[antlr-interest] faster expression parsing

[Terence Parr]

So, I should have been working on something else but got to thinking  
about how annoying it is specifying expressions in recursive descent  
parsers.  You have to have a new rule for each precedence level.   
This is also very slow.

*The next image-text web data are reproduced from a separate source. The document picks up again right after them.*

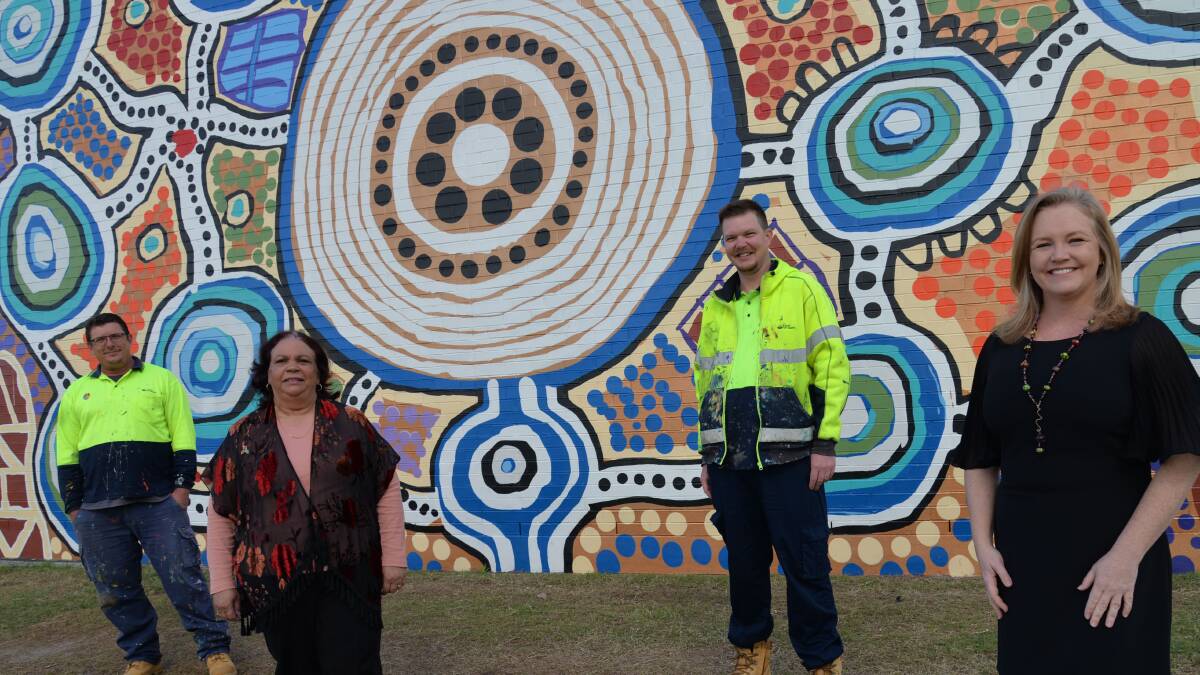 PENNY AND THE TEAM: Council's mural team artist Jay Christensen, community elder Aunty Peggy Tidyman, artist Paul Turnbull and Cr Laurie Koranski with the mural at the Logan Art Gallery.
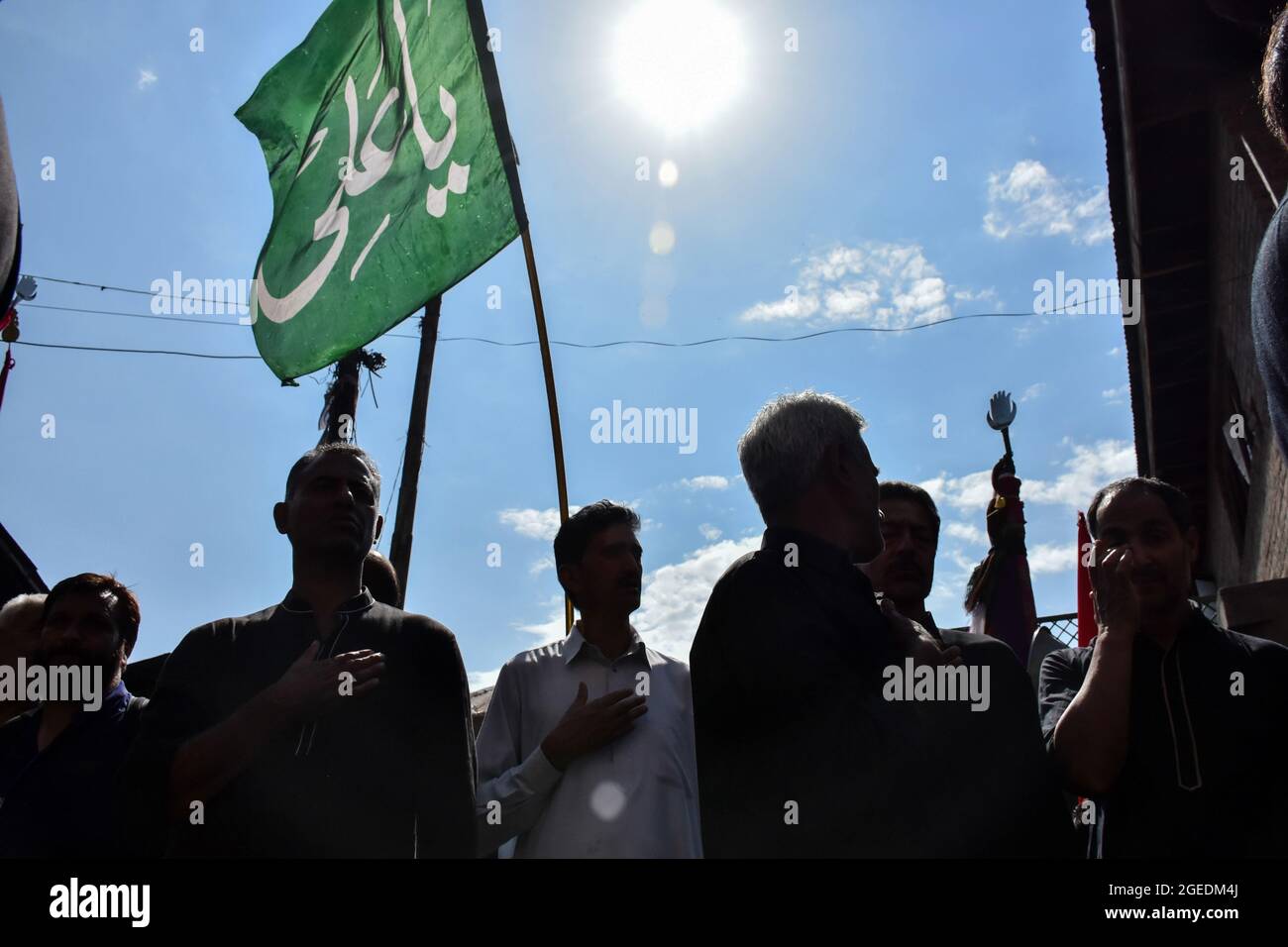 Kashmiri Shiite Muslims take part in a ritual religious procession ...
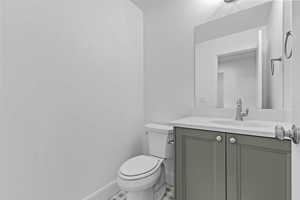 Vanity with light gray shaker-style cabinetry, white countertop, and integrated sink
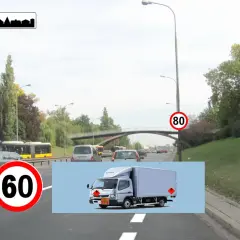 Na drodze widać znak w21 informujący o końcu obszaru zabudowanego. Obok znak ograniczenia prędkości do 60 km/h. W tle jadą samochody i autobusy.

Just to match 34 it has to descend about 15  
method calls.  I built a prototype single-rule (plus primary and  
suffix) operator matching thingie today.  I should be able to  
generate this from some metameta syntax in antlr.  Try it out...it's  
amazing (v3.1 required due to tree bulding bug fix).

Ter
---------------
/** Test faster recursive-descent expression parsing.
  *  Goal: avoid recursing for *each* precedence level.
  *  Recurse for changes in precedence, avoiding repeated
  *  tests for each level.  The key is passing into expression
  *  the min precedence level to match, which is based upon
  *  previous operator.
  *
  *  Based upon "precedence climbling" by Theodore Norvell:
  *      http://www.engr.mun.ca/~theo/Misc/exp_parsing.htm
  *
  *  NOTES:
  *      1. Holy crap!  This actually works!
  *      2. Should be able to autogenerate from list of operators,  
precedence
  *         etc...
  */
grammar T;

options { output=AST; ASTLabelType=CommonTree; }

tokens { PREINC; POSTINC; CALL; INDEX; }

@members {
public static final int LEFT = 1;
public static final int RIGHT = 2;
static int[] prec = new int[tokenNames.length];
static int[] uprec = new int[tokenNames.length];
static int[] postprec = new int[tokenNames.length];
static int[] assoc = new int[tokenNames.length];
static {
     for (int i=0; i<tokenNames.length; i++) { assoc[i]=LEFT; }
     prec[PLUS] = 1;
     prec[MINUS] = 1;
     prec[STAR] = 3;
     prec[CARET] = 4;
     prec[DOT] = 6;
     assoc[CARET] = RIGHT;

     uprec[MINUS] = 2;       // sits between +/- binary and * binary ops
     postprec[LPAREN] = 5;   // lower than DOT for p.f()
     postprec[LBRACK] = 5;
     postprec[INC] = 5;
}

int nextp(int p) {
     int prevOpType = input.LA(-1);
     if ( assoc[prevOpType]==LEFT ) return prec[prevOpType]+1;
     else return prec[prevOpType];
}
}

expr : e[0] {System.out.println($e.tree.toStringTree());} ;

/** This could be autogenerated if you give me primary and suffix and  
precedence levels */
e[int p]
     :   (primary->primary)
         (   {prec[input.LA(1)]>=p}?=>     bop r=e[nextp(p)] -> ^(bop  
$e $r)
         |   {postprec[input.LA(1)]>=p}?=> suffix[$e.tree]   ->  
{$suffix.tree}
         )*
     ;

primary
     :   INT
     |   ID
     |   uop^ {int q=uprec[input.LA(-1)];} e[q]
     |   '(' expr ')' -> expr
     ;

suffix[CommonTree lhs]
     :   t='[' expr ']'                -> ^(INDEX[$t] {$lhs} expr)
     |   t='(' (expr (',' expr)*)? ')' -> ^(CALL[$t] {$lhs} expr*)
     |   t='++'                        -> ^(POSTINC[$t] {$lhs})
     ;

bop :   '+' | '-' | '*' | '^' | '.' ;

uop :   '-' | t='++' -> PREINC[$t];

INC : '++';
LPAREN : '(' ;
LBRACK : '[' ;
PLUS: '+';
MINUS: '-';
STAR: '*';
DOT : '.';
CARET:'^';
INT : '0'..'9'+ ;
ID  : 'a'..'z'+ ;
WS  : (' '|'\n')+ ;